5.    Can you tell us more about the main character(s)?
There is a core of main characters whose stories form a central strand throughout all three books – but each of the books then focusses on the people who go along to a selection of different activities that go on every week in Hope Hall.  So we meet the pre-school mums, the pensioners with their wicked sense of humour and the long memories of times gone by, the glamorous new dancing teacher who takes classes ranging from armchair exercise for the over-sixties to body popping classes for any teenagers brave enough to try street dancing!  Along the way, we meet Sea Cadets, Rainbows and Beavers, as well as those taking part in The Memory Club, the Can’t Sing Singers, or others seeking advice and help from The Food Bank and the Money Advice Group.  All of life is there!

6.    Where and when do you write your stories?
If I’m writing factual books that require a lot of research, I am happy to write at home. However, because my novels are often community-based involved a whole host of different characters, I need somewhere a bit quieter than our busy household to keep all the story strands in my mind as I write.  So every February and October, my husband Richard and I spend the whole month in my sister’s small apartment in Southern Spain.  There the phone doesn’t ring, it’s quiet and peaceful – and in four weeks, I am able to write the novel that’s been brewing in my mind perhaps for months!

7.    What do you do and enjoy when you’re not writing?
When I married Richard 16 years ago, I already had a son and daughter to add to his SIX daughters! They are all now grown up and have families of their own, so we often have our home full of grandchildren which is just great!  We also run a large cattery at our house, which keeps me busy all year round, especially as we always have RSPCA strays in our care while new owners are found for them.  Apart from that, Richard and I like doing modern jive – and I also play the piano really badly, especially when I know no one is around to listen!

8.    If you could switch places with a character from a book, who would it be and why?
I’m not sure how to answer that because I love so many characters – which is why my own books are always full of a whole community of people from different age groups, backgrounds and personality.  I did actually write myself into the novel I wrote called SAINTS AND SAILORS, because it was based on the real-life experience of being on a Christian cruise travelling with hundreds of other passengers around the British Isle – but honestly I always get so fond of whatever characters I’m writing about.  I love them all!

9.    What books have influenced your life most? 
Over my 30 years of presenting SONGS OF PRAISE, I have become very fond of the hymns that are sung by Christians around the world.  Some of these are traditional favourites that might date back a century or two.  Some are bang up to date.  Others are based on words from the Psalms that stretch right back into the mists of time. What connects them all for me is the humanity of the writer.  They often write about the very human challenges of their everyday lives – and the emotions and feelings are much the same whether it was a psalmist writing three thousand years ago, or one of the popular hymn writers of today.  So, the books which have influenced my life most are hymn books, old and new.   

10. What are you working on at the moment?
This month, February 2020, the first book in the HOPE HALL trilogy is published.  The three books tell the story of HOPE HALL throughout one whole year – so this first book is called SPRINGTIME COMES TO HOPE HALL.  The second book, SUMMER’S OUT AT HOPE HALL, is now at the copy editing stage – and I am currently working on the third book, CHRISTMAS COMES TO HOPE HALL. 

11. What do you enjoy most about writing?
From the start, I have always enjoyed writing as much as I enjoy reading.  I type very quickly, as fast as my thoughts pour out the story – so I almost feel as if I’m watching the story as it unfolds through my fingers into the computer.

12. Pick three authors you want to have dinner with and tell us why.
I enjoy reading a really complicated detective story, and one of my favourite authors of that genre is JOY ELLIS, who is the creator of the wonderful character VERA, the television detective.

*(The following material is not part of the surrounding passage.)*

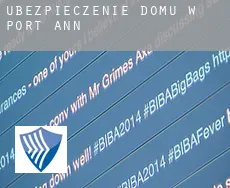 Ubezpieczenie domu w Port Ann
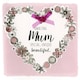 image 1 of Wonderful Mum Birthday Greeting Card Hand-Finished Notting Hill Cards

I’d love to meet Joy because her imagination and her attention to detail and the building of suspense is masterful.  Then, I would also like to meet Jill Mansell, who writes very down-to-earth, charming, community-based stories that have a delightful mix of challenge, laughter and romance.  Looking back in history, I would love to meet Charles Wesley, who founded the Methodist Church movement with his brother John back in the eighteenth century.  The brothers travelled over 250,000 miles taking their ministry across the length and breadth of Britain, but on the way Charles managed to write something like 8000 hymn texts, all of them based on biblical quotations expressed in the most beautiful lines of the most moving and inspirational poetry.  He has always struck me as a man of deep emotion – and humour too.  I’d love to have met him.

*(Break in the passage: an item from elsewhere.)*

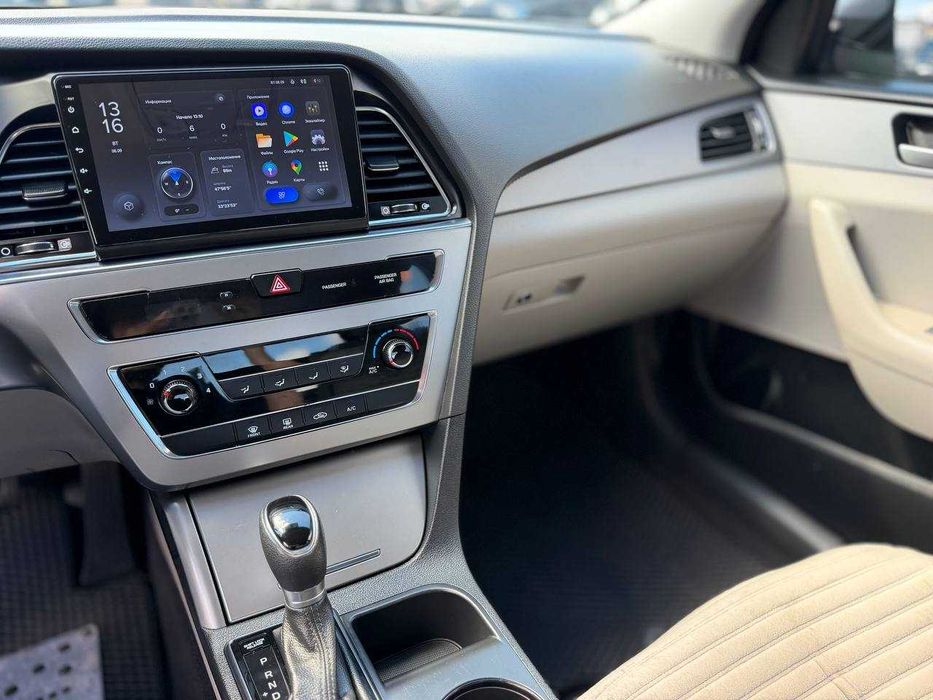 Hyundai Sonata 2017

13. Imagine Springtime at Hope Hall would be turned into a movie, who would you cast for the main characters?
One of my favourite characters is Shirley, a cleaning lady with a big heart and an even bigger voice that yells out instructions that ring around the walls of HOPE HALL!  I can imagine her being played by Jessie Wallace who plays Kat in EASTENDERS.  And there’s a lovely fifty-something man, Richard Carlisle, who sweeps Kath, the Hope Hall administrator, off her feet.  I’d choose Richard Armitage for that role.  His good looks are enhanced by the warmth of his voice. He’d be perfect!

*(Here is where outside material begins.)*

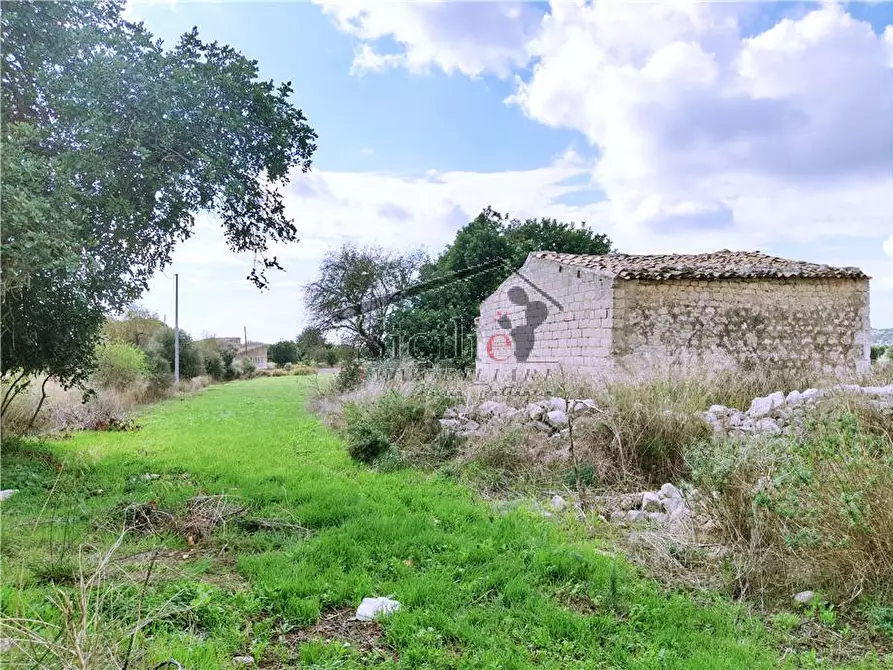 Immagine 1 di Villa in vendita  a Scicli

14. How do your own experiences influence your writing?
I wrote my first novel in 1995, and from the very start I realised that over my years of interviewing so many interesting people especially through SONGS OF PRAISE, I had become a big like a big sponge, taking those stories on board, and remembering the emotions and challenges that were involved in them.  That has given me a rich tapestry of human experience from which I can draw both fictional characters and their stories which can be drawn, although very changed, from real-life.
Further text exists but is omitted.